[ASSIGNMENT]
What you produce should be the lines from the line containing "1E SEYTON DRIVE" through the last line below, both ends included, reproduced exactly and without pictures.

[Brief descriptive captions]
####################

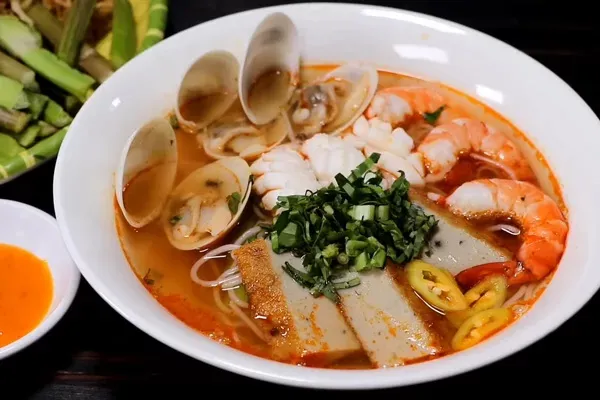 Bí quyết nấu bún Thái hải sản chua cay đậm đà chuẩn vị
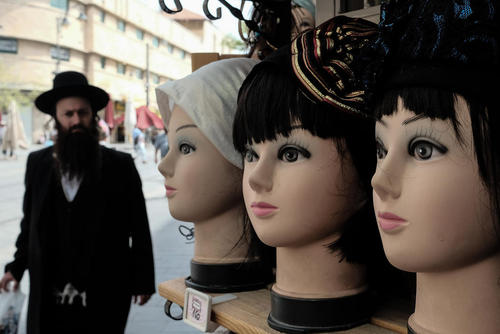 ویترین یک مغازه روسری و کلاه زنانه فروشی در شهر قدس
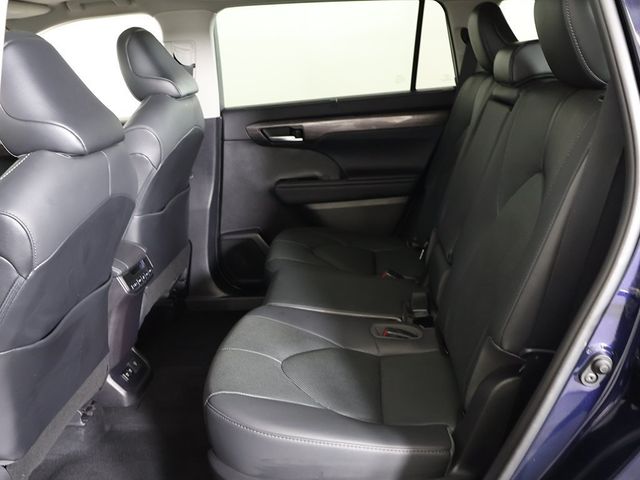 2020 Toyota Highlander Limited FWD - 22889161 - 33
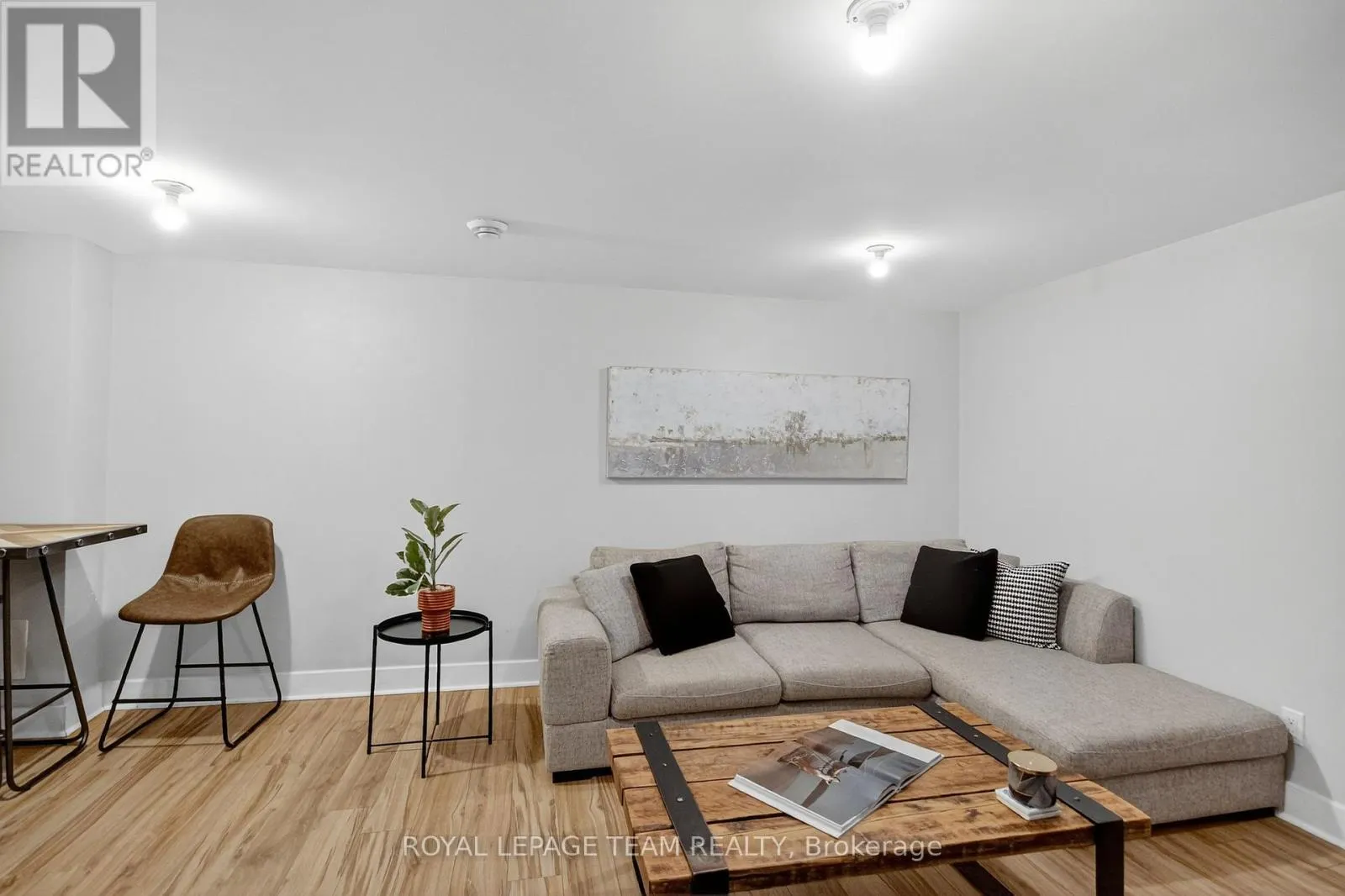 1E SEYTON DRIVE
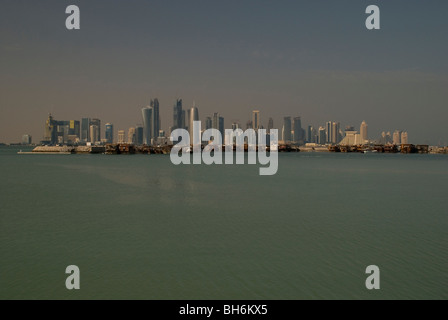 Doha, Qatar skyline avec vue sur la mer en premier plan et les bateaux de pêche boutres Banque D'Images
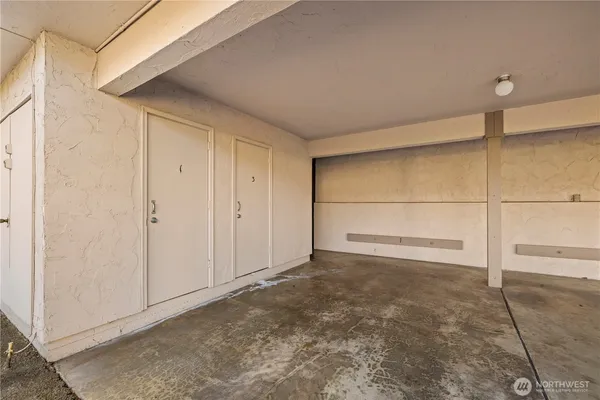 $415,000 | 22508 6th Avenue South, Unit 1, Des Moines, WA 98198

####################

[REPLY TO THE EXERCISE]
 1E SEYTON DRIVE
 Doha, Qatar skyline avec vue sur la mer en premier plan et les bateaux de pêche boutres Banque D'Images
 $415,000 | 22508 6th Avenue South, Unit 1, Des Moines, WA 98198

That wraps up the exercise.